Short web captions:
***
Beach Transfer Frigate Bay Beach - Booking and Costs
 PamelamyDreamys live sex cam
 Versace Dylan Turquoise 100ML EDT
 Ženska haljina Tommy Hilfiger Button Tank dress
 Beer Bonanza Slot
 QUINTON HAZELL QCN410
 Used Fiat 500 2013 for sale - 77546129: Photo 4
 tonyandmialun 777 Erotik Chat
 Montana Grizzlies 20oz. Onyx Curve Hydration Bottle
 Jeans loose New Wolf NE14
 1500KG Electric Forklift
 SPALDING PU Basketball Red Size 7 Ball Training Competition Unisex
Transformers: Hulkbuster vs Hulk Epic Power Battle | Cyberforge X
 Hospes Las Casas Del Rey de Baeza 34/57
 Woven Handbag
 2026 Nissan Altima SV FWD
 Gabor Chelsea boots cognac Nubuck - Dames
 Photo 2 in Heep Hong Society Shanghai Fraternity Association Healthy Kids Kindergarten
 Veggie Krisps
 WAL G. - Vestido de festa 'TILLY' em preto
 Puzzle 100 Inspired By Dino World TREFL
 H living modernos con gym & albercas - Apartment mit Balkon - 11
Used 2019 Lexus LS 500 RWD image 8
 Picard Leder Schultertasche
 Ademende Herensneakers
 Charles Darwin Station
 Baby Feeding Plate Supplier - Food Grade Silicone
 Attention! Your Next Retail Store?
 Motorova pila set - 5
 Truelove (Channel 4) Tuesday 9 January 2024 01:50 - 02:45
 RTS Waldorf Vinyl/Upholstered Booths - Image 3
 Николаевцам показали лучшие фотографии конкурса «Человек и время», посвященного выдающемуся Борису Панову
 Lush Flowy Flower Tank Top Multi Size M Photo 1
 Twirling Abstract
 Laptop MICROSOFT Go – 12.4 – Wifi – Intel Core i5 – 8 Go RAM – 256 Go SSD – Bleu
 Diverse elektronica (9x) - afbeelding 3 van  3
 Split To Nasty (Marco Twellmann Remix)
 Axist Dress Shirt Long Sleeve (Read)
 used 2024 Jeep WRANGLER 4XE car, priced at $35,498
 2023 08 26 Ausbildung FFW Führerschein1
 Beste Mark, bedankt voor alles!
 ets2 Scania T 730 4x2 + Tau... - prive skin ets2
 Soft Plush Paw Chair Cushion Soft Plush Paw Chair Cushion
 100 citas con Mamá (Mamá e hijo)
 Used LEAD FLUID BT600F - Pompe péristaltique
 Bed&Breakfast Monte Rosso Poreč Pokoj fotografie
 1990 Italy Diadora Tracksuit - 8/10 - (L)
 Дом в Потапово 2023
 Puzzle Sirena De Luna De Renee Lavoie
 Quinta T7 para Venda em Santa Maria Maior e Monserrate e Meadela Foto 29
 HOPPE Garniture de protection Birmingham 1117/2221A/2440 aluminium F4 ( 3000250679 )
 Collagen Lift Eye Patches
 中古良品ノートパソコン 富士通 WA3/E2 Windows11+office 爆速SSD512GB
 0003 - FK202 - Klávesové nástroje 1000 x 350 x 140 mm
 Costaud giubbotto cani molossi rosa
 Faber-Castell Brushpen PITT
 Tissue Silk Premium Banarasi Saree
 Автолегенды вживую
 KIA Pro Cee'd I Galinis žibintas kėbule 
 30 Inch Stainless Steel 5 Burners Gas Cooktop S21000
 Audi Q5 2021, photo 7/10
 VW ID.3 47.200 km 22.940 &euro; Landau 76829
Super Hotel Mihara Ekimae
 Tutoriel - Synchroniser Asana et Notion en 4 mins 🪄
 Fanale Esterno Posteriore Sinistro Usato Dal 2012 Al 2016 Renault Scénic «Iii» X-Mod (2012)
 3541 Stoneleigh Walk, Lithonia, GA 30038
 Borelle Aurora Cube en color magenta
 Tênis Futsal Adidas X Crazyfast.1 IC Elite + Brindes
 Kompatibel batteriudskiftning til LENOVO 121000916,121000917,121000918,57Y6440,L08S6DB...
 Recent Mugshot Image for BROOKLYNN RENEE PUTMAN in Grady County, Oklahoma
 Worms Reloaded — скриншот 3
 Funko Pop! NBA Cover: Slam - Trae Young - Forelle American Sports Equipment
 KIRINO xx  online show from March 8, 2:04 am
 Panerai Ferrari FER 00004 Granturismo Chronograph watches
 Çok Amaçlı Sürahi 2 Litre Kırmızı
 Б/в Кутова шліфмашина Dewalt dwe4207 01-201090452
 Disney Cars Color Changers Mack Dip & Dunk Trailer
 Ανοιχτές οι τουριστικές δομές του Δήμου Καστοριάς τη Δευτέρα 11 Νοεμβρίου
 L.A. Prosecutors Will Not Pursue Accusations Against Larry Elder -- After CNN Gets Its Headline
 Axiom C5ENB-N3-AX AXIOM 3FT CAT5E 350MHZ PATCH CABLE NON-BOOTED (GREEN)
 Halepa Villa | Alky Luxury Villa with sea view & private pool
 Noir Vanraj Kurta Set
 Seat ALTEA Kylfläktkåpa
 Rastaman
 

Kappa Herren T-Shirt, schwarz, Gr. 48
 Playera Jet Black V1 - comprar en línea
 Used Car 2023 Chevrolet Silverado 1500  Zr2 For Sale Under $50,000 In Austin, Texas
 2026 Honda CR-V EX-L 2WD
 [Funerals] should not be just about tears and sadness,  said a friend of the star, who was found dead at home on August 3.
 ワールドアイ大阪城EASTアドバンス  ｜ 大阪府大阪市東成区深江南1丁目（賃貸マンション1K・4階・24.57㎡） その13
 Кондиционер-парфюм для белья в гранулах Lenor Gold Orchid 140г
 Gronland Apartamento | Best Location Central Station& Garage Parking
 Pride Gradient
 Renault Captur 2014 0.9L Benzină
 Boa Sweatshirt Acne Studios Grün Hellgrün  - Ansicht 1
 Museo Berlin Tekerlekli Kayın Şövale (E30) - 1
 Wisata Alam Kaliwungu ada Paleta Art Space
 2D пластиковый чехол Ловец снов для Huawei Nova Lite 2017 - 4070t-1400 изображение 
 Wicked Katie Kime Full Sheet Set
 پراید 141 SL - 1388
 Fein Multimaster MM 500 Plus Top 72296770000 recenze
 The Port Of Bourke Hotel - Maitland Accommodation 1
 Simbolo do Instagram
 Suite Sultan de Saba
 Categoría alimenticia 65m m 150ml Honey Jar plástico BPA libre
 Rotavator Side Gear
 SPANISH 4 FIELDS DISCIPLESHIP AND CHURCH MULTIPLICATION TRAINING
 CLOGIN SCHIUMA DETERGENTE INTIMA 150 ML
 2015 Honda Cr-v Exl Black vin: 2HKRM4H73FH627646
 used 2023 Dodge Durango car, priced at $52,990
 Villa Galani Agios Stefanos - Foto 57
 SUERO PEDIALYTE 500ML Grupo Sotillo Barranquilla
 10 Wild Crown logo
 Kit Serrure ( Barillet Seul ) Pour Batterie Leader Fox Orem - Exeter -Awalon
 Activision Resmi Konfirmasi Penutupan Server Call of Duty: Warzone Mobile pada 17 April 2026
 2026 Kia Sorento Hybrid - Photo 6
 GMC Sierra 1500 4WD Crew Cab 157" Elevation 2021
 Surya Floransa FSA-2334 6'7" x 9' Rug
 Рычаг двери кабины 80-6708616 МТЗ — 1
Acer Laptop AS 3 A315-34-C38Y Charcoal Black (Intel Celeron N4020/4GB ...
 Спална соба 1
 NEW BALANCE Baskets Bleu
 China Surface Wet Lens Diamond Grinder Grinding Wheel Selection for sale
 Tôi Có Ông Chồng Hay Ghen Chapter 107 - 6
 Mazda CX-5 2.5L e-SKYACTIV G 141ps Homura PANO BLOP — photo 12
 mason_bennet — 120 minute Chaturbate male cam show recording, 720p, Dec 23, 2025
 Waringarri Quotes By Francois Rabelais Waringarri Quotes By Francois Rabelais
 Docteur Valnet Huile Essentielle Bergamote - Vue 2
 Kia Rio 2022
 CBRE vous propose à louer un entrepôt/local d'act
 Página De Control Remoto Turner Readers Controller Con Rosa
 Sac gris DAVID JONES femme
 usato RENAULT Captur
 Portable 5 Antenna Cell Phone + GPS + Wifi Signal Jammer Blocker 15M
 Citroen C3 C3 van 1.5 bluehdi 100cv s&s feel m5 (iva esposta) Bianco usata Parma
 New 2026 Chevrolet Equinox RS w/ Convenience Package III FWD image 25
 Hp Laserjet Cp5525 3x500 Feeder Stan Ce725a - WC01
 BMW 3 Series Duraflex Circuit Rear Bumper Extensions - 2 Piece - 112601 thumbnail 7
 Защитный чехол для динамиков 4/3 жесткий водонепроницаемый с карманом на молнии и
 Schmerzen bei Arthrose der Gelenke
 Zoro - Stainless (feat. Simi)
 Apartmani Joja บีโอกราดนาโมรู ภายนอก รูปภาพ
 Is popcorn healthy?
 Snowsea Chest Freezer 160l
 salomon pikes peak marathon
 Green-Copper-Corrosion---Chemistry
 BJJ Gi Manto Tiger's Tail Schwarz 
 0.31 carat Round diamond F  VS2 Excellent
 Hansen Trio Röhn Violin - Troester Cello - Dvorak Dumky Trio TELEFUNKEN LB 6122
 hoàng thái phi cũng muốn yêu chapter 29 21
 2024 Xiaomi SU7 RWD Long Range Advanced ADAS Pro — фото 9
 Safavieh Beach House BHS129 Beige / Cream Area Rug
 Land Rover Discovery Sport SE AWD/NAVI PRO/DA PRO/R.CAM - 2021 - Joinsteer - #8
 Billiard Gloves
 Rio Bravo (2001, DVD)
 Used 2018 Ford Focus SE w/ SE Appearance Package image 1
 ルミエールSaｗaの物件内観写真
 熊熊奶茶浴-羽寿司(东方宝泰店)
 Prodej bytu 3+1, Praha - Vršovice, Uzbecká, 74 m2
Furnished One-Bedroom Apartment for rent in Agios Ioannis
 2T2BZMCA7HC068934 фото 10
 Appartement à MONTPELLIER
***
Looking at the entries above, can you reproduce exactly the lines from the one that holds "WAL G. - Vestido de festa 'TILLY' em preto" through the one that holds "30 Inch Stainless", and only those?

▶ **Result of the exercise**:
 WAL G. - Vestido de festa 'TILLY' em preto
 Puzzle 100 Inspired By Dino World TREFL
 H living modernos con gym & albercas - Apartment mit Balkon - 11
Used 2019 Lexus LS 500 RWD image 8
 Picard Leder Schultertasche
 Ademende Herensneakers
 Charles Darwin Station
 Baby Feeding Plate Supplier - Food Grade Silicone
 Attention! Your Next Retail Store?
 Motorova pila set - 5
 Truelove (Channel 4) Tuesday 9 January 2024 01:50 - 02:45
 RTS Waldorf Vinyl/Upholstered Booths - Image 3
 Николаевцам показали лучшие фотографии конкурса «Человек и время», посвященного выдающемуся Борису Панову
 Lush Flowy Flower Tank Top Multi Size M Photo 1
 Twirling Abstract
 Laptop MICROSOFT Go – 12.4 – Wifi – Intel Core i5 – 8 Go RAM – 256 Go SSD – Bleu
 Diverse elektronica (9x) - afbeelding 3 van  3
 Split To Nasty (Marco Twellmann Remix)
 Axist Dress Shirt Long Sleeve (Read)
 used 2024 Jeep WRANGLER 4XE car, priced at $35,498
 2023 08 26 Ausbildung FFW Führerschein1
 Beste Mark, bedankt voor alles!
 ets2 Scania T 730 4x2 + Tau... - prive skin ets2
 Soft Plush Paw Chair Cushion Soft Plush Paw Chair Cushion
 100 citas con Mamá (Mamá e hijo)
 Used LEAD FLUID BT600F - Pompe péristaltique
 Bed&Breakfast Monte Rosso Poreč Pokoj fotografie
 1990 Italy Diadora Tracksuit - 8/10 - (L)
 Дом в Потапово 2023
 Puzzle Sirena De Luna De Renee Lavoie
 Quinta T7 para Venda em Santa Maria Maior e Monserrate e Meadela Foto 29
 HOPPE Garniture de protection Birmingham 1117/2221A/2440 aluminium F4 ( 3000250679 )
 Collagen Lift Eye Patches
 中古良品ノートパソコン 富士通 WA3/E2 Windows11+office 爆速SSD512GB
 0003 - FK202 - Klávesové nástroje 1000 x 350 x 140 mm
 Costaud giubbotto cani molossi rosa
 Faber-Castell Brushpen PITT
 Tissue Silk Premium Banarasi Saree
 Автолегенды вживую
 KIA Pro Cee'd I Galinis žibintas kėbule 
 30 Inch Stainless Steel 5 Burners Gas Cooktop S21000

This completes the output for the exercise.